# 04. Feature engineering

## Objectives

The goal of this notebook is to prepare the dataset for machine learning by creating, transforming, and encoding features that improve the model’s ability to predict CEFR levels. Specifically, we aim to:

- Encode the categorical target variable (CEFR levels) into numerical labels suitable for classification.  
- Ensure feature scaling/normalization so that all skill scores contribute fairly to the model.  
- Explore potential derived features (e.g., average score, skill differences) that may enhance predictive performance.  
- Split the dataset into training and test sets with stratification to preserve class distribution.  
- Generate a final feature matrix (`X`) and target vector (`y`) ready for model training.  


## Inputs

- Cleaned dataset: `data/clean/cleaned_lang_proficiency_results.csv`  
- Columns: `speaking_score`, `reading_score`, `listening_score`, `writing_score`, `overall_cefr`  


## Outputs

- Encoded target labels for CEFR levels  
- Scaled/normalized feature set  
- Optional engineered features (e.g., mean score, modality balance)  
- Train/test splits saved for modeling  
- Final processed dataset in a format ready for the ML notebook  


## Additional Information

Feature engineering bridges the gap between raw data and machine learning readiness. Since the business requirement is **automatic learner placement and personalized recommendations**, ensuring that CEFR levels can be predicted accurately depends on well-prepared features. In this step, we transform the raw language skill scores into an optimized input space for classification models, laying the foundation for robust and interpretable predictions.  

---

# Project Directory Structure

## Change working directory

We need to change the working directory from its current folder to the folder the code of this project is currently located

In [1]:
import os
current_dir = os.getcwd()
current_dir

'c:\\Users\\husse\\OneDrive\\Projects\\lang-level-pred\\jupyter_notebooks'

In [2]:
from pathlib import Path

# swtich to project root directory
project_root = Path.cwd().parent
os.chdir(project_root)
print(f"Working directory: {os.getcwd()}")

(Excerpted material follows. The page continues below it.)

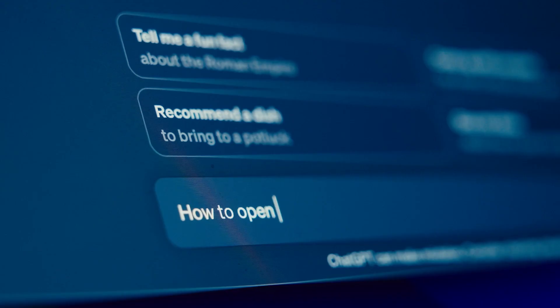I want to teach you how computer science impacts our daily lives and the necessity to understand it.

Working directory: c:\Users\husse\OneDrive\Projects\lang-level-pred


---

# Data loading
This code block imports fundamental Python libraries for data analysis and visualization and checks their versions

- pandas: For data manipulation and analysis
- numpy: For numerical computations
- matplotlib: For creating visualizations and plots

The version checks help ensure:
- Code compatibility across different environments
- Reproducibility of analysis
- Easy debugging of version-specific issues

In [None]:
# Import data analysis tools
import pandas as pd
import numpy as np
import matplotlib
import matplotlib.pyplot as plt
import seaborn as sns


print(f"pandas version: {pd.__version__}")
print(f"NumPy version: {np.__version__}")
print(f"matplotlib version: {matplotlib.__version__}")
print(f"seaborn version: {sns.__version__}")

### List Files and Folders
- This code shows what files and folders are in our data/clean folder and what folder we are currently in. 

In [3]:
import os
from pathlib import Path

dataset_dir = Path("data/clean")
print(f"[INFO] Files/folders available in {dataset_dir}:")
os.listdir(dataset_dir)

[INFO] Files/folders available in data\clean:


['cleaned_lang_proficiency_results.csv']